Seeing this at an SXSW screening captured the kind of festival-themed, unpredictable energy that audiences love. Directed by Brian McElhaney and Nick Kocher, the film plunges viewers straight into chaos and hardly pauses to explain itself. From my point of view, it’s one of those comedies where you either go along for the ride or get left behind, because logic isn’t guiding anything here—pure absurdity is. What begins as a simple plan to get pizza quickly turns into a surreal, reality-bending adventure, and while that premise is genuinely clever, the execution sometimes feels like it’s trying to outdo itself at every turn.
This wild stoner comedy, which screened at SXSW 2026, follows college roommates Jack (Gaten Matarazzo) and Montgomery (Sean Giambrone) who take a mysterious homemade drug expecting a mellow night. However, their simple mission to grab a delivered pizza—just two flights of stairs away—turns into a wildly hallucinogenic, chaotic adventure filled with parties, crushes, body-swap gags, gross-out humor, and rising absurdity as they race to eat the pizza and snap out of the bad trip. It’s pure midnight-movie energy, heavily riffing on Harold & Kumar Go to White Castle and Superbad, with strong buddy chemistry driving the over-the-top antics. While it doesn’t quite match the heart or sharp wit of its inspirations and sometimes leans more vulgar than clever, the right vibe, gonzo silliness, and relentless pizza obsession make it a fun, low-stakes escape that’s a laugh riot most of the time.
The cast is what keeps it watchable and, at times, genuinely funny. Matarazzo delivers a jittery, anxious energy that matches the film’s spiraling tone, while Giambrone provides a grounding yet increasingly neurotic presence amid the chaos. Lulu Wilson (as Lizzy) cuts through the madness with a sharp, confident, and witty edge, and Jack Martin (as nemesis Blake) fully commits to the offbeat humor. Their chemistry makes the increasingly bizarre obstacles—both real and imagined—feel at least somewhat rooted in recognizable college-life dynamics, even as things go wildly out of control.

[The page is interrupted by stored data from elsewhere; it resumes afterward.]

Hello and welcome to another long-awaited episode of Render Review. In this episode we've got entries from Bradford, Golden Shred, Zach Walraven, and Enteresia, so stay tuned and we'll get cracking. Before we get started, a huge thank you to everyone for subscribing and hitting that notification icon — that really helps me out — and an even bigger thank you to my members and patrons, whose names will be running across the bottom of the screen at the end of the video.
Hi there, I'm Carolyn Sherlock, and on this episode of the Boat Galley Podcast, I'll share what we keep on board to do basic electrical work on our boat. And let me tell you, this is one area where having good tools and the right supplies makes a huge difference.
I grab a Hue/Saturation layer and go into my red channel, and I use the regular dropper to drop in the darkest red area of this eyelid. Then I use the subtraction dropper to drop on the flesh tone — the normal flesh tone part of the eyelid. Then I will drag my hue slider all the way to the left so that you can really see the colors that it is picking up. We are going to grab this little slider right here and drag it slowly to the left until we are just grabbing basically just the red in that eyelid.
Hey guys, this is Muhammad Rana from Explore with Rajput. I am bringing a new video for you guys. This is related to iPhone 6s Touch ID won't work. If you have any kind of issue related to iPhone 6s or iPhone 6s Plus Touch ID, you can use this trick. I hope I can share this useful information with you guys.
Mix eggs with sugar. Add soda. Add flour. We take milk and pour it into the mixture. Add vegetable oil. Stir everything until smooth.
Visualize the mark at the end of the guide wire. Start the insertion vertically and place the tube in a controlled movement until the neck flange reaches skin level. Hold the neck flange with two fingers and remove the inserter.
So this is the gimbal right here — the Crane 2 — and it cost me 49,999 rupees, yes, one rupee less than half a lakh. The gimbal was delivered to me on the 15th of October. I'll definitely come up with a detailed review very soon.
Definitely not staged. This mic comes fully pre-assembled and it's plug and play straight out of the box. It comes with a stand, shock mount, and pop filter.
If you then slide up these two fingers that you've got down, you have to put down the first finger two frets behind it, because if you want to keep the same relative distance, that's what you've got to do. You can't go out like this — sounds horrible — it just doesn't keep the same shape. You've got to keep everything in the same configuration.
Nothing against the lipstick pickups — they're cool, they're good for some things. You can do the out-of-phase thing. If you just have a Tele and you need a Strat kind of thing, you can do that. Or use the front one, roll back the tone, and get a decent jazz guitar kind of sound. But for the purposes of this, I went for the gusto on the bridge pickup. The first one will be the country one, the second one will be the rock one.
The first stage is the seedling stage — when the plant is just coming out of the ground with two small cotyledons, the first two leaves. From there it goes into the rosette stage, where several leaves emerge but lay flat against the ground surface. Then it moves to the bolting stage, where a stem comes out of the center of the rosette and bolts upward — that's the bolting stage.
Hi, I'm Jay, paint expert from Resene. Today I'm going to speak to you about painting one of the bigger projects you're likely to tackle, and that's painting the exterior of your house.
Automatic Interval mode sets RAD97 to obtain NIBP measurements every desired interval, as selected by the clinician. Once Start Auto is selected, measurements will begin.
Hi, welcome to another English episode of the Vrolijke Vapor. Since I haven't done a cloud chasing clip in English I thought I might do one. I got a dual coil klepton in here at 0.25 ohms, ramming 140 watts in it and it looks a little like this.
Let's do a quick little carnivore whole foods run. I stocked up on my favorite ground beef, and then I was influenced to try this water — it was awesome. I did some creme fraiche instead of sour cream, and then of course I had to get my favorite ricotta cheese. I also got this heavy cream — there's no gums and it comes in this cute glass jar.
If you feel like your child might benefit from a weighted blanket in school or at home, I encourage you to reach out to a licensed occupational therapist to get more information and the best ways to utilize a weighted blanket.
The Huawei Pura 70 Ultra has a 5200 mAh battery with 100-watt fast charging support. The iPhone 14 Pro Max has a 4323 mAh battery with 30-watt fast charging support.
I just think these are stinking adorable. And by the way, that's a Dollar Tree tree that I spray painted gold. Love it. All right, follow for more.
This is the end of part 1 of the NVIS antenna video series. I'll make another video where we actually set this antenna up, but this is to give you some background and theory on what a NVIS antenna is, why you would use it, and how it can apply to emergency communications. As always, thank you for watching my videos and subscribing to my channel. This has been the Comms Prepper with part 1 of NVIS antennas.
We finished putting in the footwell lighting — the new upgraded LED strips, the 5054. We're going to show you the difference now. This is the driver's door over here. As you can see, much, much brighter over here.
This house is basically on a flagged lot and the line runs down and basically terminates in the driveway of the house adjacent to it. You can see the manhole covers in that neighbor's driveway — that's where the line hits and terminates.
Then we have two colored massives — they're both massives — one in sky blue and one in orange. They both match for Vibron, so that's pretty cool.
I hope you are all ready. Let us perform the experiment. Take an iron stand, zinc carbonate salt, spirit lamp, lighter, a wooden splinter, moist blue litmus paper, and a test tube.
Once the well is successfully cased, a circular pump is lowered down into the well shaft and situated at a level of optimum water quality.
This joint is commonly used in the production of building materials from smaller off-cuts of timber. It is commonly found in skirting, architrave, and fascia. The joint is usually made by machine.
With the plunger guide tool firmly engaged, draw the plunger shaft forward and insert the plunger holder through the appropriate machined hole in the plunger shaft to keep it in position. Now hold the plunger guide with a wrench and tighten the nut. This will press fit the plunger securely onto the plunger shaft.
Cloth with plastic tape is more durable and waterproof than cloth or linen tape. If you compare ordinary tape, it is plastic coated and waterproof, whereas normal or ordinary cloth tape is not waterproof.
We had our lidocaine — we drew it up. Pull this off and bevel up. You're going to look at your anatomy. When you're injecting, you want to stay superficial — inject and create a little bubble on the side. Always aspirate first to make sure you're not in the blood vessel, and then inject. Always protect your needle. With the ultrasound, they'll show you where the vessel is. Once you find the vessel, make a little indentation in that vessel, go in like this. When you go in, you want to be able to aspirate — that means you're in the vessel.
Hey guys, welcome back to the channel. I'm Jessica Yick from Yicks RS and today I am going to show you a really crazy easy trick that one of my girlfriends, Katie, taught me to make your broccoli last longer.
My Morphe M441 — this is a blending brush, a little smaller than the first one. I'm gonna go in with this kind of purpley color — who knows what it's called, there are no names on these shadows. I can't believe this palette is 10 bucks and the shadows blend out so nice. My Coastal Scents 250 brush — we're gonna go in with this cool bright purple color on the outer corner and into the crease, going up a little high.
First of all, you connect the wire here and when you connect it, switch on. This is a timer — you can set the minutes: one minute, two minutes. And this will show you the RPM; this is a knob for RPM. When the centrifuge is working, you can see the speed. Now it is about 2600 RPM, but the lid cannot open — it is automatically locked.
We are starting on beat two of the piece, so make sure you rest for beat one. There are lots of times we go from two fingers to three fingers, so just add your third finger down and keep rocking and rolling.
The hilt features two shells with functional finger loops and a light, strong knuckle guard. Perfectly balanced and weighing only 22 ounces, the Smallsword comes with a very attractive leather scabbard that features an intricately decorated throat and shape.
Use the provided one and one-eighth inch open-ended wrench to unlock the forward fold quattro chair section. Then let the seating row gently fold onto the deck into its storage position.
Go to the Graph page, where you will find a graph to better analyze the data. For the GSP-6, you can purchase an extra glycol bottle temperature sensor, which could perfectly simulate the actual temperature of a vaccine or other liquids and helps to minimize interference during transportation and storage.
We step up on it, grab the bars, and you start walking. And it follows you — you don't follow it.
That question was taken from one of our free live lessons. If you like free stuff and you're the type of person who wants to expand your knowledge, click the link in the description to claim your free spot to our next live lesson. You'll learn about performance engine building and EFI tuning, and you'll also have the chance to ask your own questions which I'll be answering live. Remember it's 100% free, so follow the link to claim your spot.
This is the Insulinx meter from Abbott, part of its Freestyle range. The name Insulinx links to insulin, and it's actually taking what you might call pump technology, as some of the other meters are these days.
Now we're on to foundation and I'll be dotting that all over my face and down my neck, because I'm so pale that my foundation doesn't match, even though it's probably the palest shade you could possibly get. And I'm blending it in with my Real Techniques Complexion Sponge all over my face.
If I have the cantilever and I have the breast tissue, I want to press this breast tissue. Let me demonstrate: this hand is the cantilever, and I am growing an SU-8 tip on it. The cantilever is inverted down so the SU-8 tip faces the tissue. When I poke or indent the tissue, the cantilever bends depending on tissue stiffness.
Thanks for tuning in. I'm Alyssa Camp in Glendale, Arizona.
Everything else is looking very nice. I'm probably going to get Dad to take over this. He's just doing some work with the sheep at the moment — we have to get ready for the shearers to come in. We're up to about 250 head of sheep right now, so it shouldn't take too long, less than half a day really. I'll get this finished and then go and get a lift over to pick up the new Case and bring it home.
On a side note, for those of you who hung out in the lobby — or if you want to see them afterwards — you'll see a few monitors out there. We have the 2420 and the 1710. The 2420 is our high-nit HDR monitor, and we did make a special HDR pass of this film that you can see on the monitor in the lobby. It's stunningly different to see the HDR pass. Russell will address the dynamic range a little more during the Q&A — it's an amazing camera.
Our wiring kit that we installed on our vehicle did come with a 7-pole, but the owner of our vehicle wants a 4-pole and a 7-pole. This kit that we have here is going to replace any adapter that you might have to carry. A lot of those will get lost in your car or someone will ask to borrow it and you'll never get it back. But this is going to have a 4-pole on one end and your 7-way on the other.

What stood out most to me is how unapologetically weird the film is. It piles one obstacle on top of another—social anxiety, a hostile campus reputation, and then full-on surreal elements that defy any normal sense of reality. Not every joke hits, and there are moments where it seems to rely too much on randomness instead of sharp writing, but when it works, it really hits home. It feels very intentionally aimed at high school and college audiences, especially those who enjoy fast-paced, chaotic humor and don’t mind a story that’s more about the journey than the destination.
Overall, I didn’t love every moment, but I appreciated how committed it was to its quirky, anything-goes premise. Notably, I’m not the target audience. It’s chaotic, loud, and sometimes over-the-top, but in the right mood—and with the right audience—it’s an entertaining, popcorn kind of film that fits perfectly in the SXSW environment.